As if in answer, Circulation illustrates what it is like to see the city from the vantage of a “sick person,” someone who seems to lurch through the city, fleeing the terror of annihilation.
If I was at a café talking with a friend, I would suddenly notice that there was a glass on the table. In that instant, I could not ascertain the distance between the glass and myself. As a result, I was unable to recognize the glass as a glass. Once seized by the attack, I became seemingly immobilized with terror, and although at the time I completely lost the composure to be able to analyze indifferently what was happening, later I would look back and realize that this was exactly what was happening.
Looking out at the scenery beyond a train window, suddenly material reality would come at me and directly pierce my eyes. In order to protect myself within the train car speeding on, (the anxiety that I was unable to control myself and would leap out the window was very strong), I had to close my eyes and tightly clutch the armrest. Under this kind of sensory abnormality, I firmly believed that consciousness was a mass of scar tissue from the wounds inflicted by material things directly upon my eyes or my retina. For seeing material things meant that they would directly stab into my eyes. No longer able to go out and walk the streets, I was thus hospitalized. It’s not as though this anxiety has been eliminated, for even now my consciousness is taken over by that of a sick person’s. Therefore, isn’t “seeing” exactly the act described by the reversed expression, “material reality would come at me stabbing?”
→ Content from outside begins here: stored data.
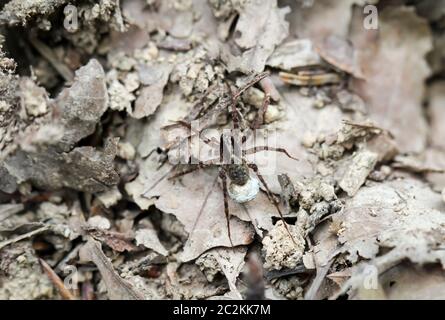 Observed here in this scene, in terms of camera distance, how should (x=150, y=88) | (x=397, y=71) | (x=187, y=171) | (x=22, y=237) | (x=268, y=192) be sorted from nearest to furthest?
(x=22, y=237) → (x=268, y=192) → (x=187, y=171) → (x=150, y=88) → (x=397, y=71)

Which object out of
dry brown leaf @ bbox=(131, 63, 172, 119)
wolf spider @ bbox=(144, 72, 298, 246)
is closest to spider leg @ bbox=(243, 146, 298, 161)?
wolf spider @ bbox=(144, 72, 298, 246)

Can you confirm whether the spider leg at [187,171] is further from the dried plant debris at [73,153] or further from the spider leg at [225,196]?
the dried plant debris at [73,153]

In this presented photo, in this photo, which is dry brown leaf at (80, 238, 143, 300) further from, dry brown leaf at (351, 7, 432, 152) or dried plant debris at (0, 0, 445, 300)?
dry brown leaf at (351, 7, 432, 152)

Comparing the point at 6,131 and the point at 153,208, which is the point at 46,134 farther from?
the point at 153,208

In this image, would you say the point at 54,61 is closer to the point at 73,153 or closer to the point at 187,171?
the point at 73,153

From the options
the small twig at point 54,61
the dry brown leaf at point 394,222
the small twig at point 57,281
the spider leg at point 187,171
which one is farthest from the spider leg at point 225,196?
the small twig at point 54,61

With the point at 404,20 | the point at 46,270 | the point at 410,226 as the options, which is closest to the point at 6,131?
the point at 46,270

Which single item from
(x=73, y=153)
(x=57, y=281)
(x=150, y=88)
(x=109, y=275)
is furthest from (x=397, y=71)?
(x=57, y=281) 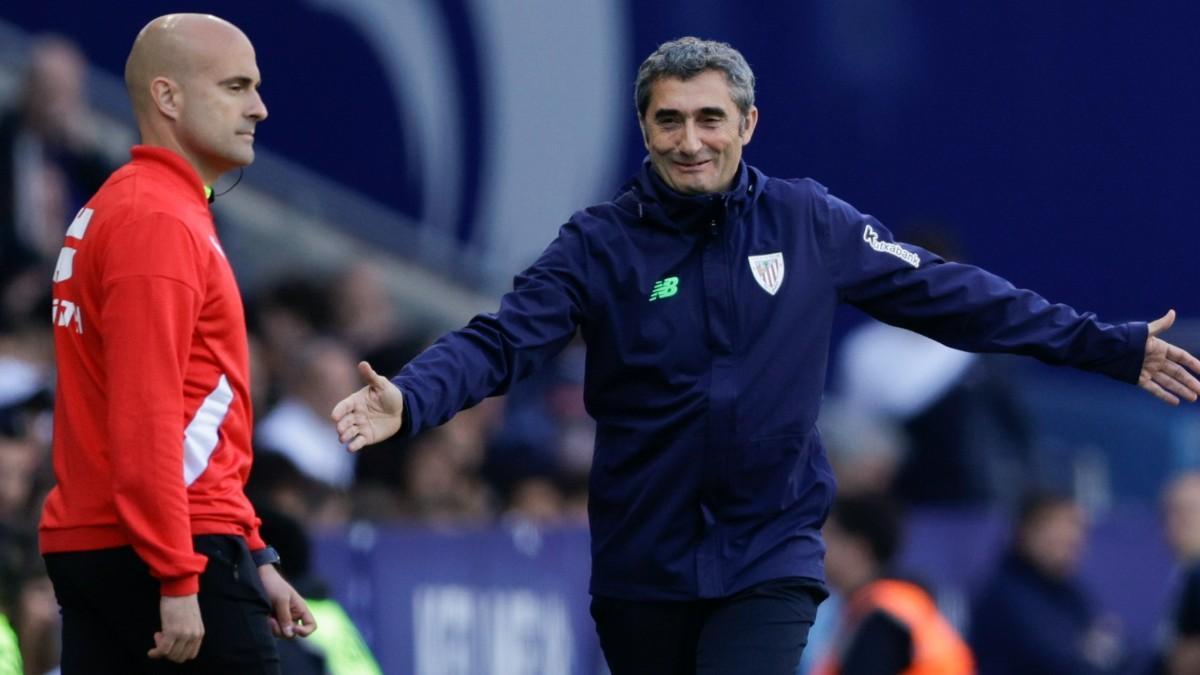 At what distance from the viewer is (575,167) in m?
14.4

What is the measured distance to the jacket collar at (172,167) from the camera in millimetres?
5172

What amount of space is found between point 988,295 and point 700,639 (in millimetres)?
1052

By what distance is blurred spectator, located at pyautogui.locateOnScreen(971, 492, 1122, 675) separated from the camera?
9.90 metres

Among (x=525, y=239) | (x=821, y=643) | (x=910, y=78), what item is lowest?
(x=821, y=643)

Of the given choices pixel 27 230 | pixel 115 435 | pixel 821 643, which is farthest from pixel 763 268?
pixel 27 230

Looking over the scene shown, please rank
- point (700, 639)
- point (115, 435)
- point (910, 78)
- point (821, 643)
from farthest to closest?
point (910, 78) < point (821, 643) < point (700, 639) < point (115, 435)

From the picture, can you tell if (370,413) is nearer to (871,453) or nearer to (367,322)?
(871,453)

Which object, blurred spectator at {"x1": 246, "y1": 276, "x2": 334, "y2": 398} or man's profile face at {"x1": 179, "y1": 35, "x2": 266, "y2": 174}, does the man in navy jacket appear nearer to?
man's profile face at {"x1": 179, "y1": 35, "x2": 266, "y2": 174}

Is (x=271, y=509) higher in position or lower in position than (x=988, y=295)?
lower

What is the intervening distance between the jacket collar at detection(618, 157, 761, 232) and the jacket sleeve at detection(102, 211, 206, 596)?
1122 millimetres

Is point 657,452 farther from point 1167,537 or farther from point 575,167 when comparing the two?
point 575,167

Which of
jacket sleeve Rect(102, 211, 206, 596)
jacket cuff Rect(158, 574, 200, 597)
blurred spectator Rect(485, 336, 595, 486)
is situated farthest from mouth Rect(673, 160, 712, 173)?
blurred spectator Rect(485, 336, 595, 486)

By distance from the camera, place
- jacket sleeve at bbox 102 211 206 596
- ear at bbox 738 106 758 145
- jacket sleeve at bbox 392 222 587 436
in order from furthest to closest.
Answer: ear at bbox 738 106 758 145, jacket sleeve at bbox 392 222 587 436, jacket sleeve at bbox 102 211 206 596

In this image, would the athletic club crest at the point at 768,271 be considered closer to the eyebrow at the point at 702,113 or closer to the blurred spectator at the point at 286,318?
the eyebrow at the point at 702,113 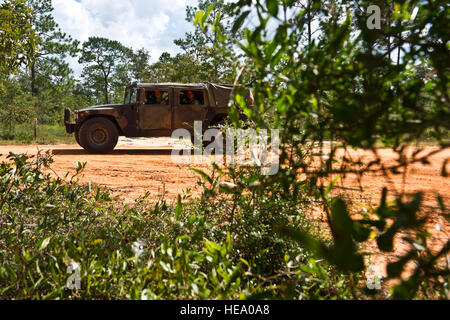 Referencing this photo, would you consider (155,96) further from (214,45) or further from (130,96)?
(214,45)

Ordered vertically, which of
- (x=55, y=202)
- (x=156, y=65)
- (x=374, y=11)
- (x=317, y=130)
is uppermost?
(x=156, y=65)

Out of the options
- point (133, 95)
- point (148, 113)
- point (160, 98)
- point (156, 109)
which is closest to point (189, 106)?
point (160, 98)

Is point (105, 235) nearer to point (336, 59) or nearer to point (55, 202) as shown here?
point (55, 202)

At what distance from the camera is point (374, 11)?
127 cm

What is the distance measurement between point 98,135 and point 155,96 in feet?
6.67

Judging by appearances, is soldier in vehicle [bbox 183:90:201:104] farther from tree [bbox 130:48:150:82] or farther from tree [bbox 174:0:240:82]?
tree [bbox 130:48:150:82]

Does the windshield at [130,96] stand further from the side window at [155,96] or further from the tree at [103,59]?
the tree at [103,59]

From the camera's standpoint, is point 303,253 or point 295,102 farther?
point 303,253

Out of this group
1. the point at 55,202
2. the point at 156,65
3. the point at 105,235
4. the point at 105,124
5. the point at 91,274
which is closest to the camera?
the point at 91,274

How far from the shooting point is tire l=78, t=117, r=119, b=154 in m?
11.0

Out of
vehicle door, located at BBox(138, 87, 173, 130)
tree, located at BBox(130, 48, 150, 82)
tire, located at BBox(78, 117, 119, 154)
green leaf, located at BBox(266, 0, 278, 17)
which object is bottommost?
tire, located at BBox(78, 117, 119, 154)

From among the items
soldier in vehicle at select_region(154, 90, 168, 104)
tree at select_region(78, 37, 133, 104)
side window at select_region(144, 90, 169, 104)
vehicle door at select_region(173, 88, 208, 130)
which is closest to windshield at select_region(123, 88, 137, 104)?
side window at select_region(144, 90, 169, 104) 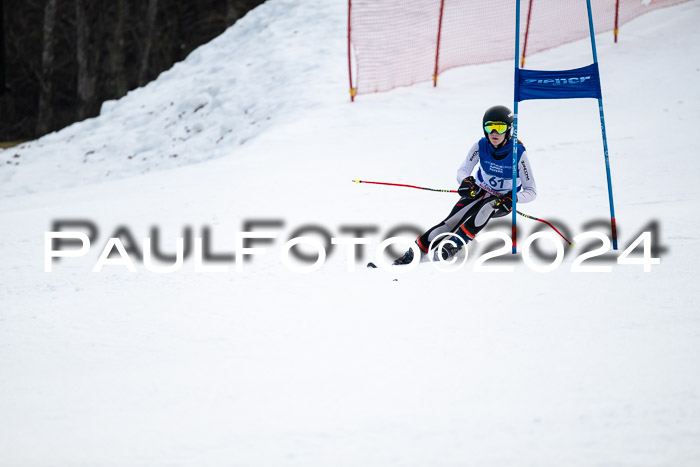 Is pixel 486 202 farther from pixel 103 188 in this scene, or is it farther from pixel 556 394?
pixel 103 188

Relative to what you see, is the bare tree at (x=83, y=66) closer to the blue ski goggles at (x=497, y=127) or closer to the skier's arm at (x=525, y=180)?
the blue ski goggles at (x=497, y=127)

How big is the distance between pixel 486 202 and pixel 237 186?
379 centimetres

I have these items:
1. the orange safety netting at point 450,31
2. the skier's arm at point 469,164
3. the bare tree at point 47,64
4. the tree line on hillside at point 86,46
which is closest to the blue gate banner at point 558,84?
the skier's arm at point 469,164

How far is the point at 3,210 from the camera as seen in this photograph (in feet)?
31.3

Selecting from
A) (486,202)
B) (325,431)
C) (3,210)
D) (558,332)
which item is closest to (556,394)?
(558,332)

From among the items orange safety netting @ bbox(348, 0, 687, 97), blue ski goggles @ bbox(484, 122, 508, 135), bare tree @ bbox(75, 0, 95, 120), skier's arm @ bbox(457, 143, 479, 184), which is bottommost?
skier's arm @ bbox(457, 143, 479, 184)

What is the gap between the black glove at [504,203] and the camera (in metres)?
5.95

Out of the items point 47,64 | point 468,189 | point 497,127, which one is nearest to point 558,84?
point 497,127

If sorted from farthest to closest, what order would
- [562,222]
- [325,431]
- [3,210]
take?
1. [3,210]
2. [562,222]
3. [325,431]

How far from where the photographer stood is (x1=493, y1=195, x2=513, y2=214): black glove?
595cm

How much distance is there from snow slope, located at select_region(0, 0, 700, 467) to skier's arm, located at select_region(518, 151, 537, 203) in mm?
571

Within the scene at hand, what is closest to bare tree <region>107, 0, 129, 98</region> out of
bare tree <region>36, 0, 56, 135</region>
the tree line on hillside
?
the tree line on hillside

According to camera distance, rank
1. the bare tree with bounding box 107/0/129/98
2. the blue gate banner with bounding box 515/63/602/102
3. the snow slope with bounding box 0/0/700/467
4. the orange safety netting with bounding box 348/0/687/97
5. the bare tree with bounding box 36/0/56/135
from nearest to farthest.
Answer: the snow slope with bounding box 0/0/700/467
the blue gate banner with bounding box 515/63/602/102
the orange safety netting with bounding box 348/0/687/97
the bare tree with bounding box 36/0/56/135
the bare tree with bounding box 107/0/129/98

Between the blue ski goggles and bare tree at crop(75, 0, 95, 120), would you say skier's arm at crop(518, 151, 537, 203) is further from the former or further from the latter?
bare tree at crop(75, 0, 95, 120)
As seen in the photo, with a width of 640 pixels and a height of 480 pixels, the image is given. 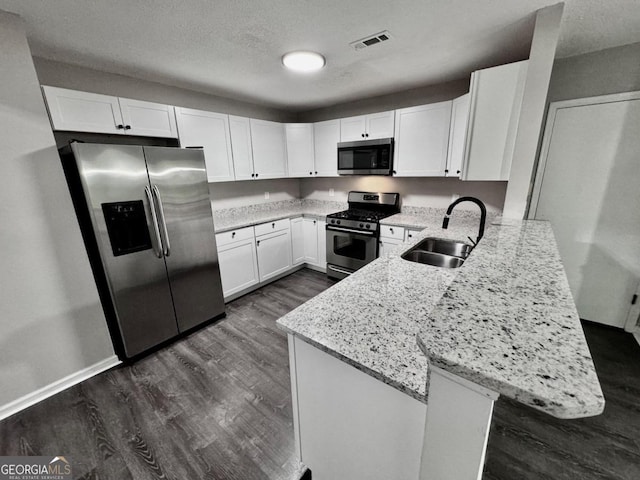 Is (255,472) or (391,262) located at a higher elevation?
(391,262)

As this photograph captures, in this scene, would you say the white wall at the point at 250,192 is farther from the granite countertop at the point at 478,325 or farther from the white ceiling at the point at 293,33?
the granite countertop at the point at 478,325

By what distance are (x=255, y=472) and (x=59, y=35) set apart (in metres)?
2.96

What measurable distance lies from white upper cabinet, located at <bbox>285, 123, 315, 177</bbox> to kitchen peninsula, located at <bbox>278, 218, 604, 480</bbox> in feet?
8.69

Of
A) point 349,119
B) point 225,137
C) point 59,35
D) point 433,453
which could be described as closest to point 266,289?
point 225,137

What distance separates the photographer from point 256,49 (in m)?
1.96

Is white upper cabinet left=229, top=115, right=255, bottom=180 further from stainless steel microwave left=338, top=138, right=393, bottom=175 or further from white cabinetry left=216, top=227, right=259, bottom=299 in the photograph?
stainless steel microwave left=338, top=138, right=393, bottom=175

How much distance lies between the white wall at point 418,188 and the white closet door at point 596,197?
405mm

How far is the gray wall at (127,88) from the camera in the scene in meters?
2.11

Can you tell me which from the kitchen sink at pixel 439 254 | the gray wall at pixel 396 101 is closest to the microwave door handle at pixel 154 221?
the kitchen sink at pixel 439 254

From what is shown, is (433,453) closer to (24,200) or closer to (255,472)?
(255,472)

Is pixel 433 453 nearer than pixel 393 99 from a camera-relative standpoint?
Yes

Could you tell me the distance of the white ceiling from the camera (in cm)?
148

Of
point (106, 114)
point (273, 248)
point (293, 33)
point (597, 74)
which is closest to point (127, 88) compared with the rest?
point (106, 114)

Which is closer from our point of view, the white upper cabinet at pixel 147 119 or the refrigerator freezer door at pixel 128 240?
the refrigerator freezer door at pixel 128 240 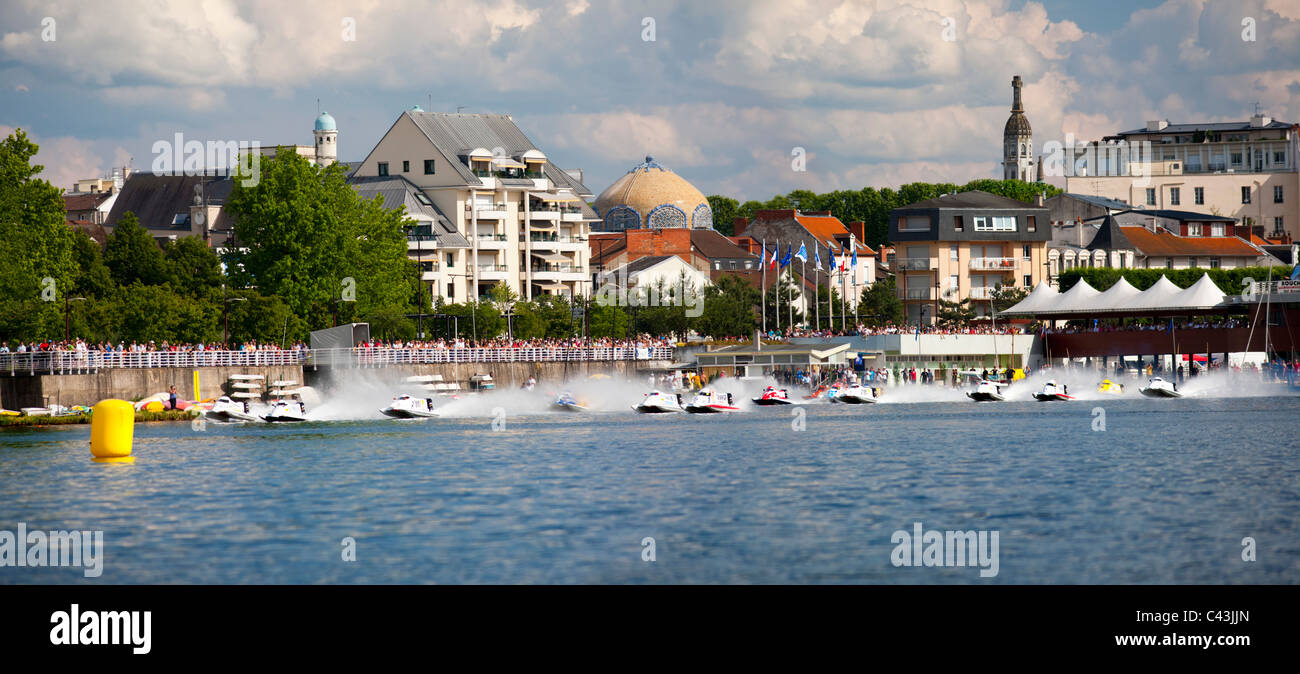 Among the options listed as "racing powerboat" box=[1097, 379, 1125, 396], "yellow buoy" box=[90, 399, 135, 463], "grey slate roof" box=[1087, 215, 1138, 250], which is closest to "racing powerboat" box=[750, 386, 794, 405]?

Nakahira describes these disturbing psychological events almost apologetically: “All this will be a bit personal.” He offers the account, however, in service of a larger theoretical question that came to haunt the consciousness of postmodernity as it confronts the loss of fixed identities. “I understand the fact that seeing is to possess and give meaning to the world according to the process of establishing a secured distance between myself and the subject,” he writes, articulating the detachment of the flâneur. “But what happens if this distance disintegrates?” Circulation: Date, Place, Events immerses the eye fully in the onrushing materiality of the city.